Je tiens d’abord à saluer avec beaucoup d’humilité le courage des députés Les Républicains et Horizons qui ont voté cette résolution. Ils ont fait passer l’intérêt national avant les calculs politiciens. Ils ont accepté de voter un texte sur son fond, sur sa qualité, sur sa justesse, plutôt que sur son étiquette.

Ce vote historique démontre plusieurs choses fondamentales.

D’abord, le Rassemblement National convainc au-delà de ses bancs. Nous ne sommes plus un parti de protestation, nous sommes un parti de proposition. C’est la preuve que nos analyses sont justes et que nos solutions sont pertinentes.

Ensuite, le cordon sanitaire se fissure. Progressivement, nos adversaires politiques comprennent qu’on peut voter un bon texte même s’il vient du RN. Le pragmatisme commence à l’emporter sur l’idéologie. C’est une excellente nouvelle pour la France.

Cette première victoire en entraînera d’autres. Nous avons d’autres propositions concrètes sur la sécurité, le pouvoir d’achat, l’énergie, la ruralité. Si LR et Horizons continuent à voter sur le fond plutôt que sur l’étiquette, nous pouvons obtenir de vraies avancées pour les Français.

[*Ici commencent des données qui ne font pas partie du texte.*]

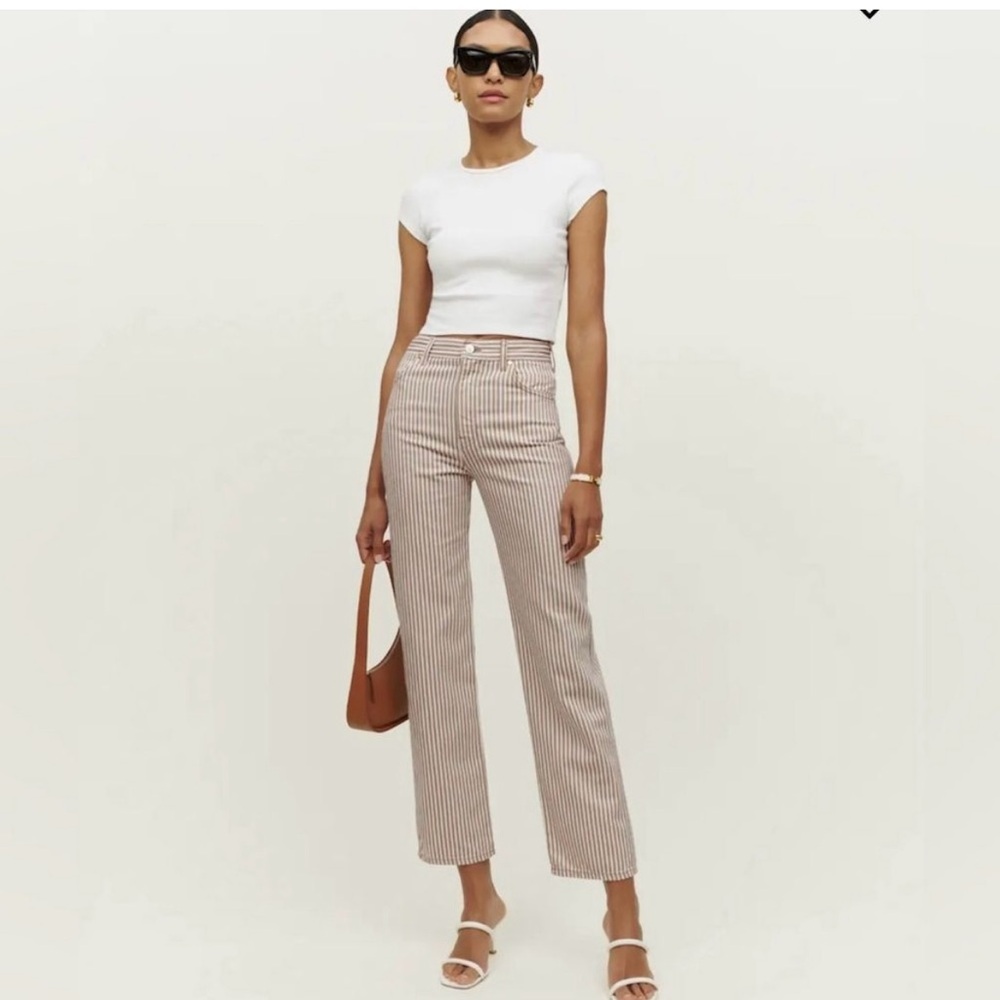Reformation Cowboy Striped High Rise Straight Leg Jeans in Light Beige Size 26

Sur notre place dans le futur rapport de force institutionnel, je suis convaincu que le RN est appelé à jouer un rôle central. Nous sommes le premier parti de France. Nous représentons une partie considérable du peuple français. On ne peut pas éternellement nous marginaliser, nous diaboliser, nous exclure du jeu démocratique normal.

Ce que nous voulons, c’est simple : que nos propositions soient jugées sur leur mérite, pas sur notre étiquette. Que les débats portent sur le fond, pas sur les postures. Que l’intérêt national l’emporte sur les calculs partisans.

Le vote d’aujourd’hui prouve que c’est possible. C’est un premier pas historique. Nous continuerons, avec la même détermination, la même rigueur, et la même humilité, à servir l’intérêt des Français qui nous font confiance.